During my experiences working with war refugees, I spent many hours talking to Vietnamese farmers whose villages had been destroyed. Usually we would drink tea together. We would sit and talk. Sometimes I heard more than I could bear. Nothing I heard changed my initial impressions about the ways that Vietnamese looked at war. Even the Catholics, staunchly anti-Communist, sensed the inevitability of defeat.

Meanwhile, for every Viet Cong bullet fired, the United States would drop five bombs, many filled with napalm. In other words, we were far more destructive. Those bombs created fear and havoc and disdain for the United States, not respect. Bombs never managed to break the North Vietnamese will as Washington touted they would. Instead, they solidified a resistance that grew over the years.

All this I shared with my nephew.

And as I did, of course, I felt troubled by the new quagmire we seem to be getting into in Afghanistan. Vietnam cost the United States some 58,000 U.S. lives. Vietnamese dead ran between 1 and 2 million.

As far as I am concerned, the lessons of the Vietnam War had less to do with military strategy than they had to do with history and culture and language. Military battles always take place within a wider context, and if we don’t understand that context we are almost certain to be defeated.
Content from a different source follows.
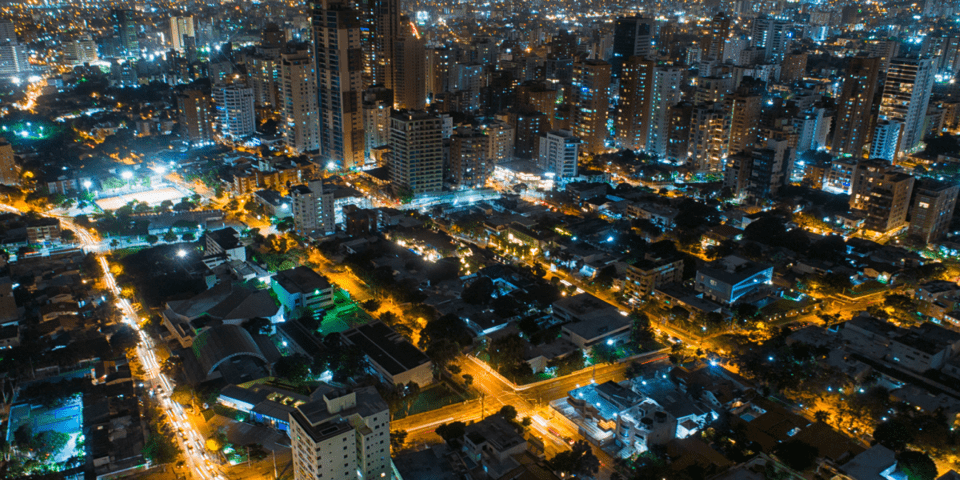 Panoramic night view of city - Inter American Development Bank - IDB Citizen Security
I know much less about Afghanistan’s history and culture than Vietnamese history and culture. I know enough, however, to realize that insensitivity to those ingredients in life that motivate -- family, social settings, religion, mythology, values and language -- almost assure “defeat,” however one might imagine that.

Today I am deeply troubled that once again we are trying to defeat those we call our enemy through bombs and bullets rather than strategy and stealth. The violent images and the civilian casualties being broadcast from Afghanistan are precisely what Islamic extremists have sought.

During the Vietnam War it became popular in Washington to say the real war was for the “minds and hearts” of the people, but we never thought through what actually was shaping those minds and hearts. It does not seem a stretch to imagine what is shaping the minds and hearts of the Islamic world today.

My fear is that the rain of bombs falling in and around Kabul and other Afghan cities has already “lost” the war -- a war that the United States cannot afford to lose. Some say it is early in the war; I fear it is late.

My hope is -- and I admit I do not see much light yet at the end of this proverbial tunnel -- that wisdom figures from historians to social anthropologists, to religious educators will gain sway and help pull us out of the violent path we are on.

Yes, terrorists must be locked up. But unless we first understand the rage and motivation of those who want to do us in and respond to it as best we can, unless we get to the roots of the divisions and work, however difficult the task might be, to heal these, we are essentially dropping bombs on ourselves -- only ours won’t land for weeks, months, years or even decades to come.